__DATA EXTRACTS__
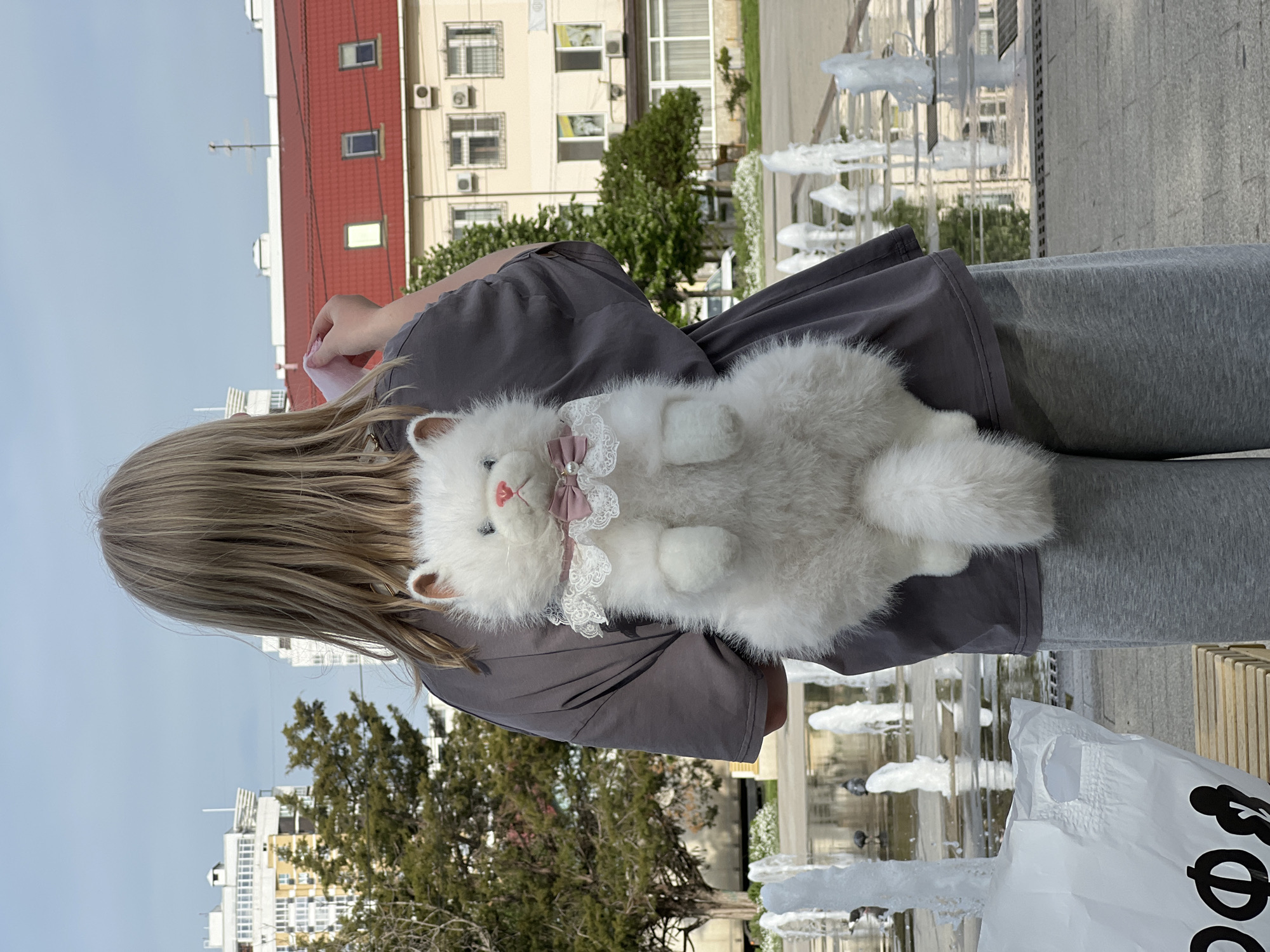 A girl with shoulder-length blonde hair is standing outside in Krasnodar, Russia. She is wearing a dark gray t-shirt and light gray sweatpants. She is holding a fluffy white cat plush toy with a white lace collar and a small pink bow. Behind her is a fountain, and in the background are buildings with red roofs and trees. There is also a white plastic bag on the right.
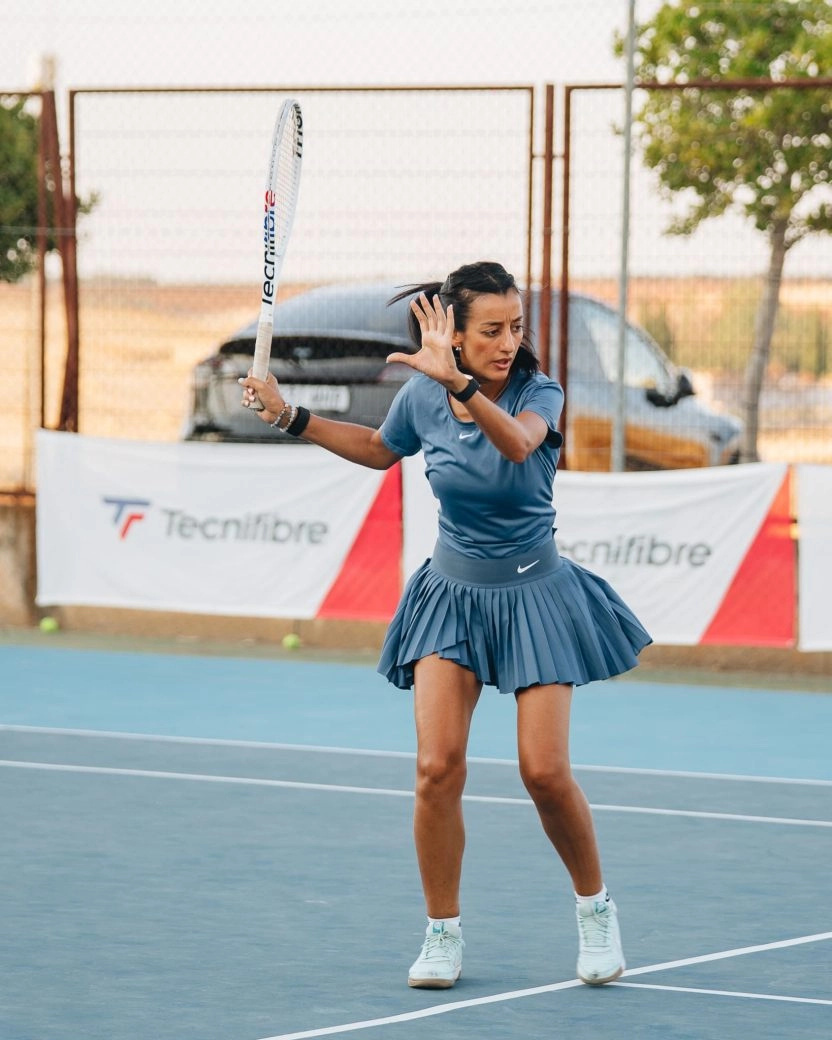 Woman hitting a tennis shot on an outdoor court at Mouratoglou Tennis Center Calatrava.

* * *

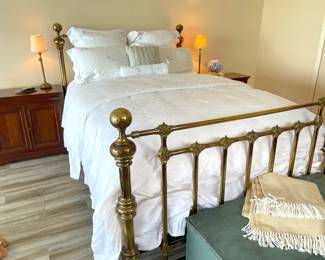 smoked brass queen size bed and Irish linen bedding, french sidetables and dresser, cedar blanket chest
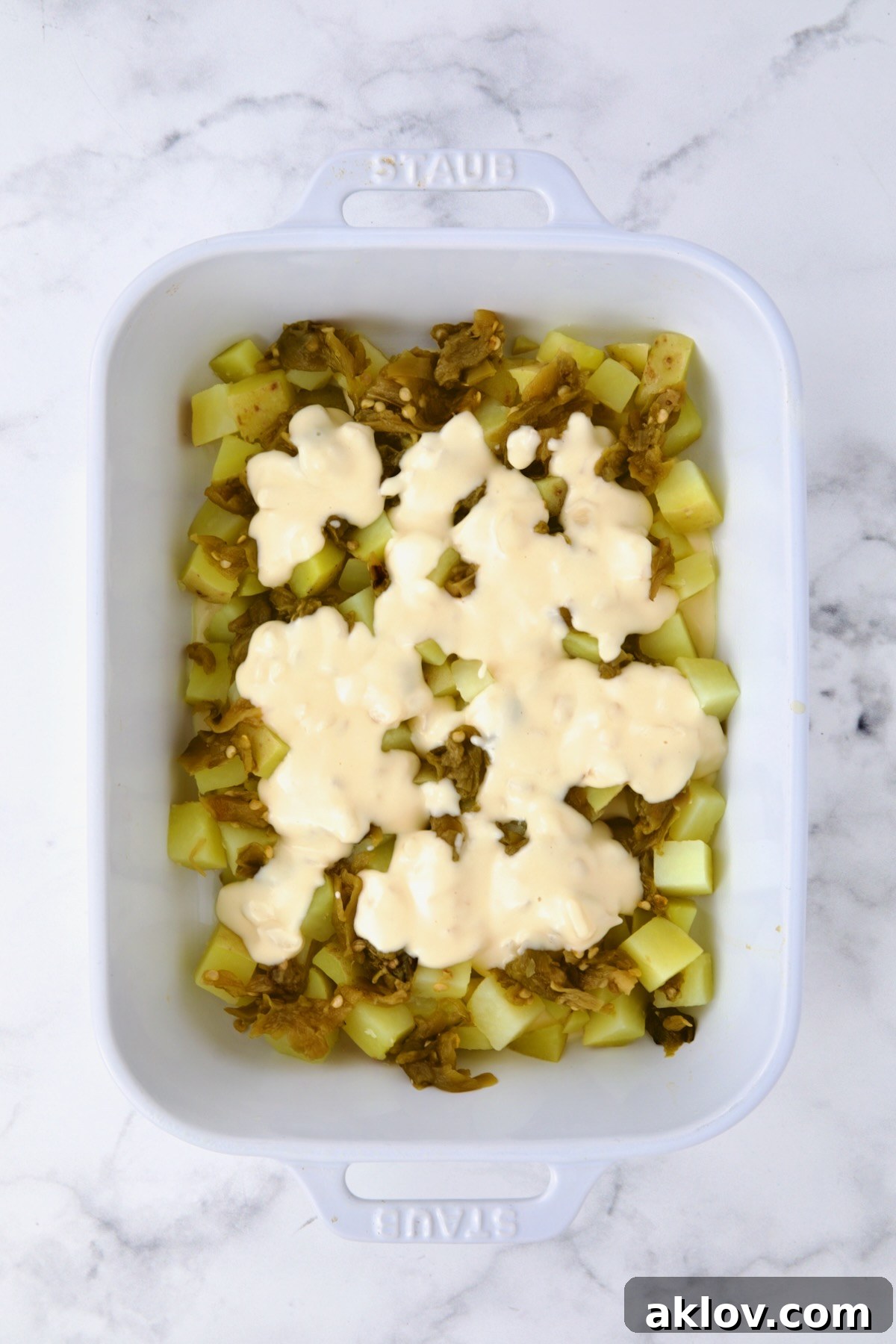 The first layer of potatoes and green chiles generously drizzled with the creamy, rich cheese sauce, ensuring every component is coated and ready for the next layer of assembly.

__YOUR INSTRUCTIONS__
Beginning at the line above that contains "smoked brass queen" and going on through the line that contains "The first layer", please copy every line exactly, leaving the pictures out and adding nothing.

__SOLUTION FOR THIS PROBLEM__
 smoked brass queen size bed and Irish linen bedding, french sidetables and dresser, cedar blanket chest
 The first layer of potatoes and green chiles generously drizzled with the creamy, rich cheese sauce, ensuring every component is coated and ready for the next layer of assembly.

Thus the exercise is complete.